MELBOURNE  -  Famously known for its extensive ring system, Saturn is one of four planets in our solar system that have the distinctive feature. And now, scientists hypothesize that Earth may have sported its own ring some 466 million years ago. During the Ordovician Period, a time of significant changes for Earth’s life-forms, plate tectonics and climate, the planet experienced a peak in meteorite strikes. Nearly two dozen impact craters known to occur during this time were all within 30 degrees of Earth’s equator, signaling that the meteoroids may have rained down from a rocky ring around the planet, according to a study published September 12 in the journal Earth and Planetary Science Letters. “It’s statistically unusual that you would get 21 craters all relatively close to the equator. It shouldn’t happen. They should be randomly distributed,” said lead author Andrew Tomkins, a geologist and professor of Earth and planetary sciences at Monash University in Melbourne, Australia. Not only does the new hypothesis shed light on the origins of the spike in meteorite impacts, but it also may provide an answer to a previously unexplained event: A global deep freeze, one of the coldest climate events in Earth’s history, may have been a result of the ring’s shadow. Scientists are hoping to find out more about the possible ring. It could help answer the mysteries of Earth’s history as well as pose new questions about the influence an ancient ring could have had on evolutionary development, Tomkins said.
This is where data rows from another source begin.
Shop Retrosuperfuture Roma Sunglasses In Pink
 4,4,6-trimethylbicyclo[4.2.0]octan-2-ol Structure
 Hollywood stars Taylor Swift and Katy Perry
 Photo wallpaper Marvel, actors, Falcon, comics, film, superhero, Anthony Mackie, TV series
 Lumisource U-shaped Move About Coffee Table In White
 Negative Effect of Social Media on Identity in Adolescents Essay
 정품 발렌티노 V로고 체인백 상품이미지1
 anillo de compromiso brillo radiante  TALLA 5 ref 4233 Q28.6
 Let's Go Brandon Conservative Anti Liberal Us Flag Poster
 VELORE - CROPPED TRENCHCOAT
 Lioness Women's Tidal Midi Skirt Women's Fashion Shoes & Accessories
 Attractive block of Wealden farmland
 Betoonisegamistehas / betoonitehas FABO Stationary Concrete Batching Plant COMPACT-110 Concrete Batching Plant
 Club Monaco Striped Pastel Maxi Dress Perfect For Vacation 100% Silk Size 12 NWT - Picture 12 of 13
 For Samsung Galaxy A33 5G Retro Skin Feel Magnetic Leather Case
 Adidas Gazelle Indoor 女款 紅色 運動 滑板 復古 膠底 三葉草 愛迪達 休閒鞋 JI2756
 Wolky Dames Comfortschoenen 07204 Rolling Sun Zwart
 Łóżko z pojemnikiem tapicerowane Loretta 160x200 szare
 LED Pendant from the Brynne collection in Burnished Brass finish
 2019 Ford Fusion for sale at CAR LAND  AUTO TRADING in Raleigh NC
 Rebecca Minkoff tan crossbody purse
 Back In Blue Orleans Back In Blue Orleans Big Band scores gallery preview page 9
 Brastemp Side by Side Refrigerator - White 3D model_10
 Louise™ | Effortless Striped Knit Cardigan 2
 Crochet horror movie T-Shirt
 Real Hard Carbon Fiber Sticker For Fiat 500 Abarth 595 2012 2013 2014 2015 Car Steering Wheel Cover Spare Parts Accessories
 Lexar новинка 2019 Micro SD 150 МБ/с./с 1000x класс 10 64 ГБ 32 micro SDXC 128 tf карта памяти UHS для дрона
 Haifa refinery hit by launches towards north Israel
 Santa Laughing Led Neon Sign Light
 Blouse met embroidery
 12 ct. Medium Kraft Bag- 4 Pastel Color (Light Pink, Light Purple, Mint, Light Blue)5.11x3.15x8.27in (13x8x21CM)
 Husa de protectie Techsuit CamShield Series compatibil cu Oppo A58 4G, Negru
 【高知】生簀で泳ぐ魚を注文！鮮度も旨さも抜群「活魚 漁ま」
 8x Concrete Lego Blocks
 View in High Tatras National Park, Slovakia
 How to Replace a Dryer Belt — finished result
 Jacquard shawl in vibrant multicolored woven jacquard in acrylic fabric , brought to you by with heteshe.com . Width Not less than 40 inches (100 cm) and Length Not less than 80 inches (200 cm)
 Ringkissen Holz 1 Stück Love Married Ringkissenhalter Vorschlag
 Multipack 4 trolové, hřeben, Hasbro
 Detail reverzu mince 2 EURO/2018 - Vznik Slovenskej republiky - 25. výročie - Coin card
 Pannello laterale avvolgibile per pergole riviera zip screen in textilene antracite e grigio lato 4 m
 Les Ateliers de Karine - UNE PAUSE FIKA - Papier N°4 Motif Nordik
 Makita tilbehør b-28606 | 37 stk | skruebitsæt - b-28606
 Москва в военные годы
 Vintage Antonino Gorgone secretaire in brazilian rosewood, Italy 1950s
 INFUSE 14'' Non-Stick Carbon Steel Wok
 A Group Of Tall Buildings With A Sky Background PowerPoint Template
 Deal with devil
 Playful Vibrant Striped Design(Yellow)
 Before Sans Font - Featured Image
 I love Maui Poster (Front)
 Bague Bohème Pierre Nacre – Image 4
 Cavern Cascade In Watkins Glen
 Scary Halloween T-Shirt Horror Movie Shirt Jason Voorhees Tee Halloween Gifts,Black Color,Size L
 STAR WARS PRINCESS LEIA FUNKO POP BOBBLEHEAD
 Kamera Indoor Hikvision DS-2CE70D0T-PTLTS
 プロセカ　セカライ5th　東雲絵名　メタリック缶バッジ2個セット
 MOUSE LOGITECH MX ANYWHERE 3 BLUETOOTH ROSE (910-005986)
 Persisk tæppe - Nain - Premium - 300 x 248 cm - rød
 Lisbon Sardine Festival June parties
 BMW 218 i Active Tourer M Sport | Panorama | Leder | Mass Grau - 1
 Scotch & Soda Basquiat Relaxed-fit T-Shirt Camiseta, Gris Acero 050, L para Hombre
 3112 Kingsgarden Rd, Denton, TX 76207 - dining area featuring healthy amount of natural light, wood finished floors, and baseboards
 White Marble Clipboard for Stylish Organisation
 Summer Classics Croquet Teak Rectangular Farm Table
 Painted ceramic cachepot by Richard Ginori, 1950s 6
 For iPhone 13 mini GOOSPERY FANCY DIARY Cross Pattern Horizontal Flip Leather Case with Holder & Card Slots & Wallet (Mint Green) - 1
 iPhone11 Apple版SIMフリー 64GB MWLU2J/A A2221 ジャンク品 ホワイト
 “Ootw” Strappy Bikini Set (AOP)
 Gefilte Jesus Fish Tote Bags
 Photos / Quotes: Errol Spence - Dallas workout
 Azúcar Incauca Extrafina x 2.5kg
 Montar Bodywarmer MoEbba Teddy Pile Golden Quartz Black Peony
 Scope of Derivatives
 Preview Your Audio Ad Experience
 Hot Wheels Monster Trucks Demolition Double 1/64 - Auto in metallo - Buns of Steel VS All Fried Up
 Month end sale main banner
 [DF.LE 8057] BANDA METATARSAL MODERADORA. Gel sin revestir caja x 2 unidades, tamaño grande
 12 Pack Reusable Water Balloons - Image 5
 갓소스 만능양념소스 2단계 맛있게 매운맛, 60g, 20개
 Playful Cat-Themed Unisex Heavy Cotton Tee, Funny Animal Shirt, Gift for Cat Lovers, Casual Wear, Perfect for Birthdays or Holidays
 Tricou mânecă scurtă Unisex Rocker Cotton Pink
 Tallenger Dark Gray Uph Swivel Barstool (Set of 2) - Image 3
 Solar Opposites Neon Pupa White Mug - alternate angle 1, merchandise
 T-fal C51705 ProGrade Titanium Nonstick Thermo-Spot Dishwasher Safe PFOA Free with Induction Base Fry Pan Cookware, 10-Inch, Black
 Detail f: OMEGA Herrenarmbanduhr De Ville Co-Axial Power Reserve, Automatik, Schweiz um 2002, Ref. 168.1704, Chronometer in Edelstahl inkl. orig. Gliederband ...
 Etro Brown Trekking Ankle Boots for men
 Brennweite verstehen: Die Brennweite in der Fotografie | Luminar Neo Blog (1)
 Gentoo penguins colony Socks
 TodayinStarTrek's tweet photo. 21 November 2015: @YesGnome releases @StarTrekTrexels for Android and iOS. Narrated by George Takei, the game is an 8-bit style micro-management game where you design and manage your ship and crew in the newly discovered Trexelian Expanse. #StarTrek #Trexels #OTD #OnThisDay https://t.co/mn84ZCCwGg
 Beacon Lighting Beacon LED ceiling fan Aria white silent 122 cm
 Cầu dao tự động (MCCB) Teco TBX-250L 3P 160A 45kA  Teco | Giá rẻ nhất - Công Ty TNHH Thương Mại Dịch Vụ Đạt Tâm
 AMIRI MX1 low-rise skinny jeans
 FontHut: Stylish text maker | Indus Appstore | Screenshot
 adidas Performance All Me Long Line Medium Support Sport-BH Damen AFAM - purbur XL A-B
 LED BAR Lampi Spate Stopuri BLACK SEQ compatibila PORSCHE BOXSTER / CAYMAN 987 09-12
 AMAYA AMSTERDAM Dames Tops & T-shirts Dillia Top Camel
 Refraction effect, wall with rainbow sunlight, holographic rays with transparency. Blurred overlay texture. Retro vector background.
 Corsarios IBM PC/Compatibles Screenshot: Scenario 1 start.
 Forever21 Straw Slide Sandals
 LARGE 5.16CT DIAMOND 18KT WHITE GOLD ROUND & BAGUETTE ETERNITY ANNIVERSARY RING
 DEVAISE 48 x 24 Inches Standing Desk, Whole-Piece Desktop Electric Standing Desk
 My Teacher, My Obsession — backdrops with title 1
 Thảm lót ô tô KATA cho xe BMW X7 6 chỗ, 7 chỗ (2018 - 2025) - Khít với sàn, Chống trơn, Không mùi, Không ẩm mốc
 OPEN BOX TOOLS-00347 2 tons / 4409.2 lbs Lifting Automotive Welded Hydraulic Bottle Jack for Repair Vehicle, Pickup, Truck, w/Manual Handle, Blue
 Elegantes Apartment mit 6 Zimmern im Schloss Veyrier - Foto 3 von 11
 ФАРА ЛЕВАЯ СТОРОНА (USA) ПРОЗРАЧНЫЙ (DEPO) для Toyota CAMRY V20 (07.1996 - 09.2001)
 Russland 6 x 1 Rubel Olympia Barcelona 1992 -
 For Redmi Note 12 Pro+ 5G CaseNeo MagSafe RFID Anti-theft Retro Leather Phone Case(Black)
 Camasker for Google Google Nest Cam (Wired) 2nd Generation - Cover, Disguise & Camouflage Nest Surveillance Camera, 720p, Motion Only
When a smaller object gets close enough to a planet, it reaches what’s known as the Roche limit, the distance where the celestial body has enough gravitational pull to break apart the approaching body.

The resulting debris then creates rings around the planet, such as those around Saturn that may have been formed by debris from icy moons, according to NASA. Scientists previously believed that a large asteroid broke apart within the solar system, creating the meteorites that hit Earth during the Ordovician Period. However, such an impact would have likely caused the strikes to be more randomly distributed, such as the randomization of the craters on the moon, Tomkins said. The study authors hypothesize that a large asteroid, estimated to be about 7.5 miles (12 kilometers) in diameter, instead reached Earth’s Roche limit, which might have been about 9,800 miles (15,800 kilometers) from the planet based on the measurements of past rubble-pile asteroids. The asteroid would have been largely beat up from other collisions, making rubble loose and easy to pull apart by Earth’s tidal force, Tomkins said.